But not actually correct. (You need to handle blank node scopes better if you are going to use bnode identifers as variables.)

But how does this differ in anything other than what one might call style, from how RDF graphs are defined now? An RDF graph is a set of triples, and it "means" the conjunction of them. (Blank nodes are actually like *free* variables, understood as implicitly existential.)  Isn't that what you just said, above? 

> and it allows one to
> define inference schemata very concisely.  Note that you don't even
> have to mention IRIs.

Well, you do if you are going to define RDF syntax, as opposed to some other language using triples. 

> 
> Then define an appropriate syntactic equivalence relation and you have
> concrete syntaxes.
> 
>> 
>> 3. "... semantic entailment (not to be confused with logical entailment)..."
>> 
>> Can you elicidate what you see as this distinction that is not to be confused? The textbook account of a formal logic distinguishes entailment, a purely semantic notion, often symbolized by the sign |=, from deducibility (via formal inference rules and axioms, typically), often symbolized by |-, and completeness is the property of these two coinciding. I do not know of any notion of logical *entailment* other than the semantic |= notion. Deducibility is not entailment.
> 
> The idea is just to distinguish between P |= Q under one
> interpretation

I don't want to seem harsh, but it appears that you simply do not understand how model theory works. What P |= Q means is: for **every** interpretation I, if I(P)=true then I(Q)=true. So to qualify it with "under one interpretation" does not make sense. 

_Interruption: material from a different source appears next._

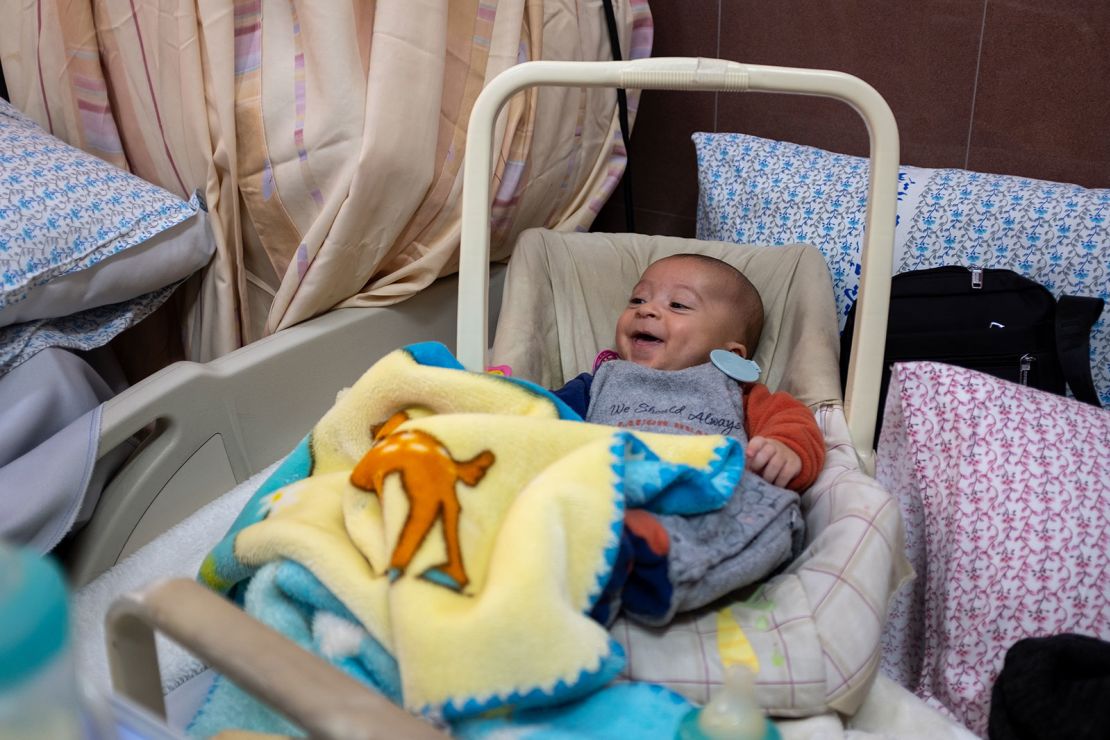 Oday, a baby born at Makassed Hospital who will soon be sent back to Gaza along with his mother and twin brother.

> , and P but not Q under another.  I.e. I1 is a model for
> both P and Q, but I2 is a model for P but not Q.  Then Q is not a
> logical consequence of P

indeed, as I2 shows

> , but it does follow from P under I1

That is meaningless. All that the existence of i1 shows is that P and Q are mutually consistent.

> .  Call it
> "I1-consequence".  I called it semantic consequence because it's there
> in the interpretation but falls short of logical consequence.  Maybe
> there's a better term for it?

There is no term for it because it does not make sense. 

> 
> But I think your first point also applies here so I need to clarify.
> The point would be to clarify whether entailments depend on selection
> of the semantic domain defined in RDF-Semantics, i.e. whether they are
> interpretation-specific.
> 
>> 
>> 4. "The business of model theory is to build a bridge between formal calculi and (informal) semantic domains.  You don't need a formal representation of the semantic domain..."
>> 
>> Model theory *is* the result of formalizing the semantic domain. That was the new idea in Tarski's original publication which founded the subject in the 1940s. HIs title, you might recall, was "A theory of truth for formalized languages".
> 
> Sorry, wasn't around in 1940 so I don't recall.  But I have moved my
> eyes across it; it's about formalized *languages*.

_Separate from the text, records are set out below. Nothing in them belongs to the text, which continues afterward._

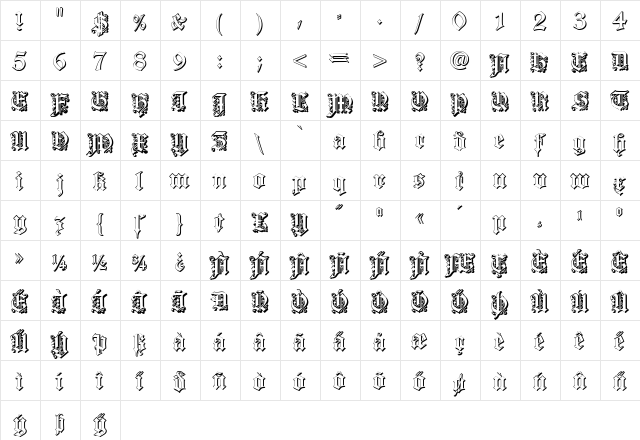 Dearest Outline Regular  glyph index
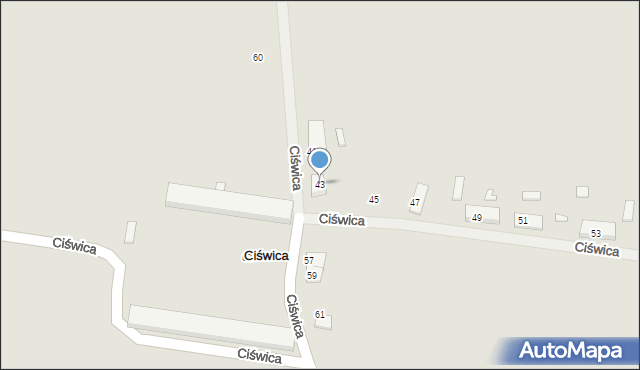 Jarocin, Ciświca, 43, mapa Jarocin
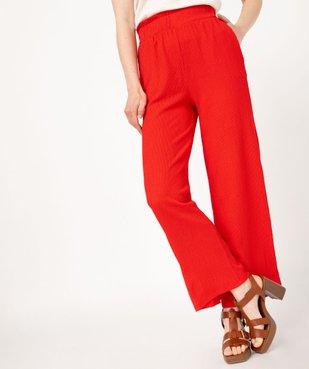 Pantacourt large en maille gaufrée femme vue1 - GEMO(FEMME PAP) - GEMO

Often called formal logics, like RDF.

>  Model theory does
> not formalize any semantic domain - how could it, when it is domain
> agnostic by design?

It formalizes the *idea* of semantic domains. What we now call interpretations. An interpretation is a mathematical account of a semantic domain and how it affects truth of sentences. 

>  It's about how you relate the one (formal
> language) to the other (informal domains).

What do you mean by an "informal domain"? And where does model-theoretic semantics refer to these entities, whatever they are?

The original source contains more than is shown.